* [Records shown]
--------------------------------
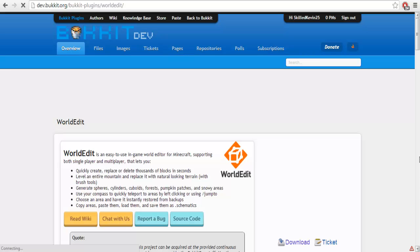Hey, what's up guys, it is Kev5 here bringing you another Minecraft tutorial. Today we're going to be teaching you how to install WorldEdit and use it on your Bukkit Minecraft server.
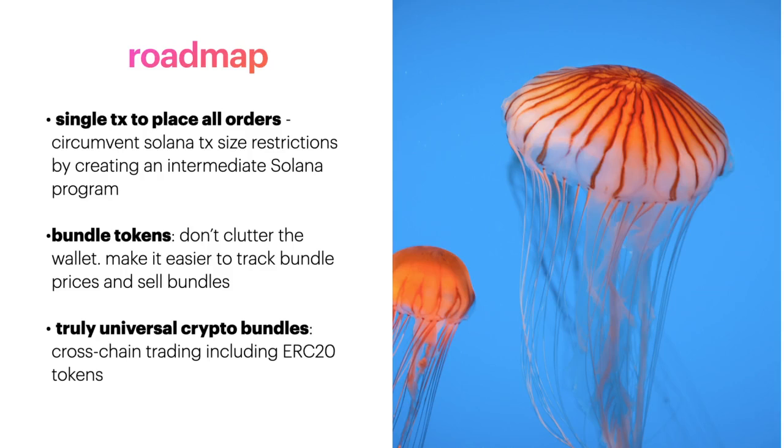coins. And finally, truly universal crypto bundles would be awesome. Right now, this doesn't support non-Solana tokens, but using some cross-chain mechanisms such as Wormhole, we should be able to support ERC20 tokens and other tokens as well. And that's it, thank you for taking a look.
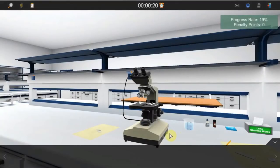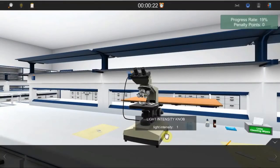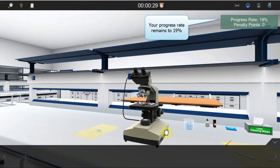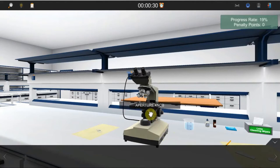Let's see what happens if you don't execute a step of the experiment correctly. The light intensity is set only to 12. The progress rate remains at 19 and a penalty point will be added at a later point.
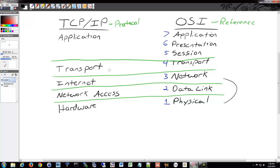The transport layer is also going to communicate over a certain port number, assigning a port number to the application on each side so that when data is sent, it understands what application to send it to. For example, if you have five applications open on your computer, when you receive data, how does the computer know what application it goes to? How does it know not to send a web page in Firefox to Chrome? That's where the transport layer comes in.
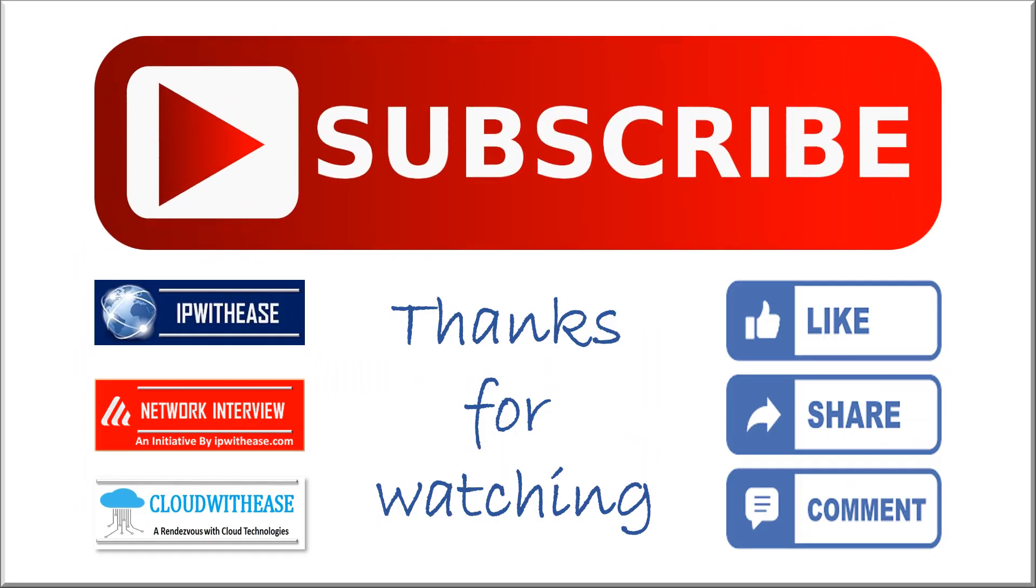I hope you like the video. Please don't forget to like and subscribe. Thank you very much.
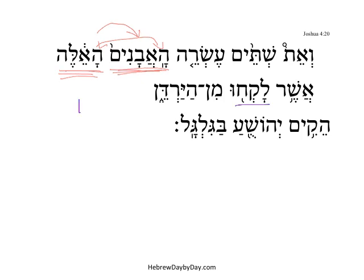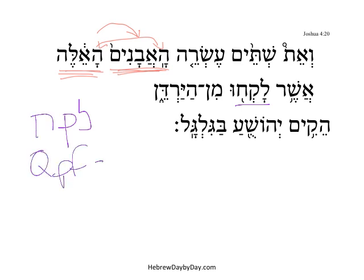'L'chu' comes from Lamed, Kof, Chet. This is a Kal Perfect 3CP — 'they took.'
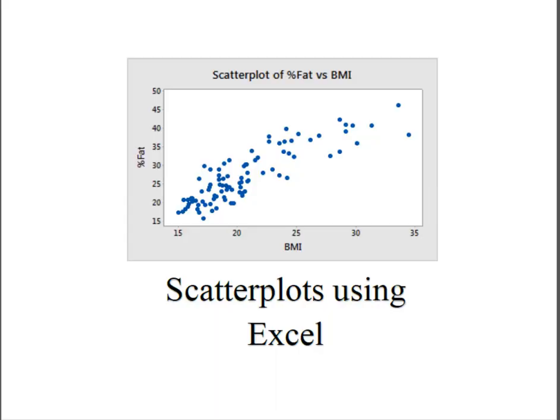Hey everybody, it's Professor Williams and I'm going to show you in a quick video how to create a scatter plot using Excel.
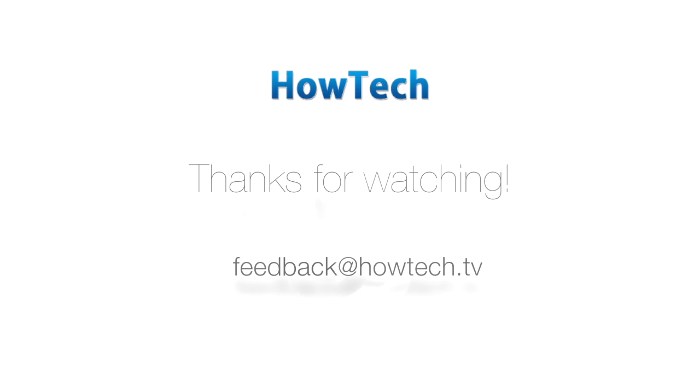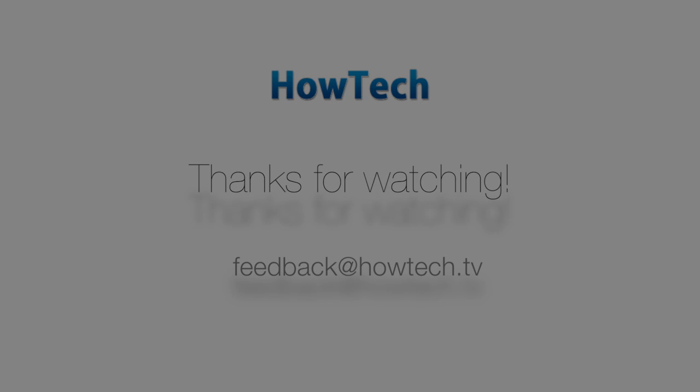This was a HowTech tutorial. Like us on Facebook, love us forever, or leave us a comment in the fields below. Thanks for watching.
--------------------------------
* [Task prompt] Without the pictures, print the records in full, exactly as they appear.

* [Output for this task]
Hey, what's up guys, it is Kev5 here bringing you another Minecraft tutorial. Today we're going to be teaching you how to install WorldEdit and use it on your Bukkit Minecraft server.
coins. And finally, truly universal crypto bundles would be awesome. Right now, this doesn't support non-Solana tokens, but using some cross-chain mechanisms such as Wormhole, we should be able to support ERC20 tokens and other tokens as well. And that's it, thank you for taking a look.
Let's see what happens if you don't execute a step of the experiment correctly. The light intensity is set only to 12. The progress rate remains at 19 and a penalty point will be added at a later point.
The transport layer is also going to communicate over a certain port number, assigning a port number to the application on each side so that when data is sent, it understands what application to send it to. For example, if you have five applications open on your computer, when you receive data, how does the computer know what application it goes to? How does it know not to send a web page in Firefox to Chrome? That's where the transport layer comes in.
I hope you like the video. Please don't forget to like and subscribe. Thank you very much.
'L'chu' comes from Lamed, Kof, Chet. This is a Kal Perfect 3CP — 'they took.'
Hey everybody, it's Professor Williams and I'm going to show you in a quick video how to create a scatter plot using Excel.
This was a HowTech tutorial. Like us on Facebook, love us forever, or leave us a comment in the fields below. Thanks for watching.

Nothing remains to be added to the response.